Vol 118, No 2 (Supplement) 2013
Supplement abstract

Experimental model of rat ileitis resembling Crohn’s disease

Published 2014-01-13


  • Crohn’s disease,
  • ileitis

How to Cite

Milia, A. F., Ruffo, M., Fazi, M., Conte, D., & Ibba-Manneschi, L. (2014). Experimental model of rat ileitis resembling Crohn’s disease. Italian Journal of Anatomy and Embryology, 118(2), 140. Retrieved from https://oajournals.fupress.net/index.php/ijae/article/view/3801


Crohn’s disease (CD) is a chronic, idiopathic and relapsing inflammatory disease of the gastrointestinal (GI) tract. Current theories point to an impaired immune response to microbes within the intestinal flora in a genetically susceptible host. Although the lymphatic obstruction represents one of the main histopathological diagnostic criteria, its etiology is unknown. Many animal models that, in some respects, resemble human CD have been developed, but these models do not represent the complexity of human disease. We planned to obtain an animal model of CD by surgical manipulation of the enteric lymphatic vessels in the TNBS model of rat ileitis. Surgical approach: 12 F344 male rats were surgically treated by ligature and cut of ileo-colic lymphatic chain near the Treitz. The lymph nodes near the ileocecal valve were injected with a sclerosing agent (control group). Surgical and chemical approach: F344 were treated as above and, at the same time, intraluminally ileum injected with TNBS, a chemical reagent able to induce severe enteritis. 6 rats were sacrificed after one week (group 1). 8 rats received two more weekly TNBS injections and then were sacrificed (group 2). Control and treated rats were sacrificed at the same time. Animals were weighted and monitored for clinical manifestations of GI inflammation. At sacrifice, macroscopical changes were noted and ileum and colon specimens were harvested and processed for histopathological analysis. Most of the animals showed adhesions of bowel loops and thickening of the mesentery.
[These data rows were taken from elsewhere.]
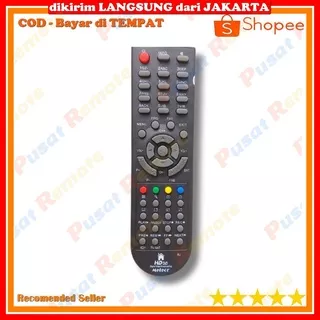 Remot / Remote Receiver Parabola VENUS METEOR / Juke / Innova / Inova HD / MIRAGE / YARIS NINMEDIA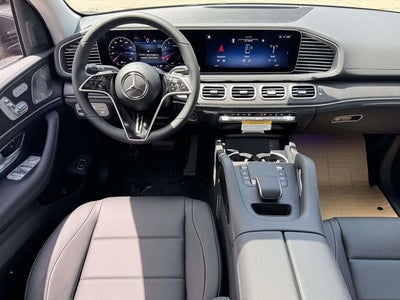 2026 Mercedes-Benz GLE GLE 450 4MATIC®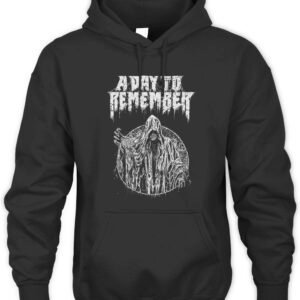 A Day To Remember Merch Carry Your Casket Hoodie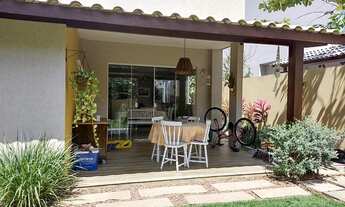 Imagem 3: Casa em Abrantes 4/4, suítes, quintal amplo, condomínio completo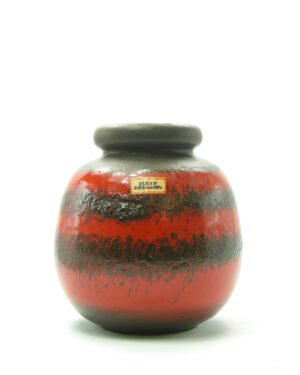 542 - vaas Europ Keramik West Germany Scheurich 284-19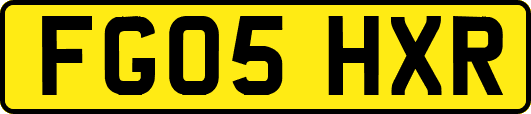 FG05HXR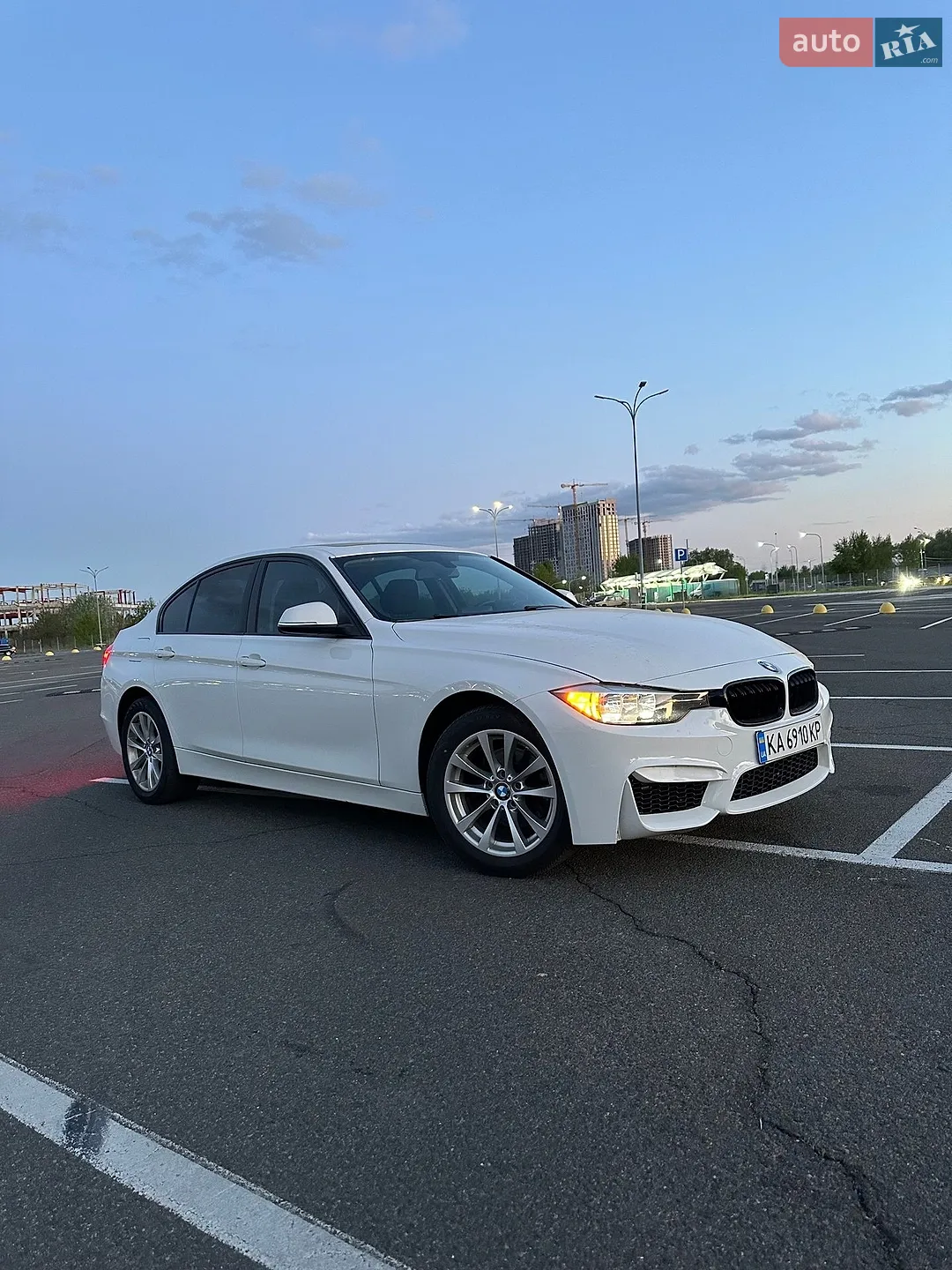 2016 BMW 3er - мініатюра 17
Groups 1 and 2: TNBS induced more severe macroscopical features of inflammation in the intestinal wall, such as fistolae, dilatation of the ileum and sometimes intestinal obstruction. Microscopically, we observed transmural inflammatory infiltrate, fibrosis of mesentery, granulomas, and in the most severe cases, signs of neoangiogenesis, derangement of the muscle layers, ulcers and loss of villi in the mucosa. Besides the microscopical inflammatory changes, we evidenced an increased number of dilated lymphatic vessels. Group 1: one week after a single injection, most of the animals partially solved and showed less severe microscopical damages. The surgical and chemical approach did not induce in this rat model the severe fibrosis and the stricture of intestinal lumen that usually lead to surgery in human CD. However, the histopathological features found in these rats resemble the severe pathological features observed in human CD.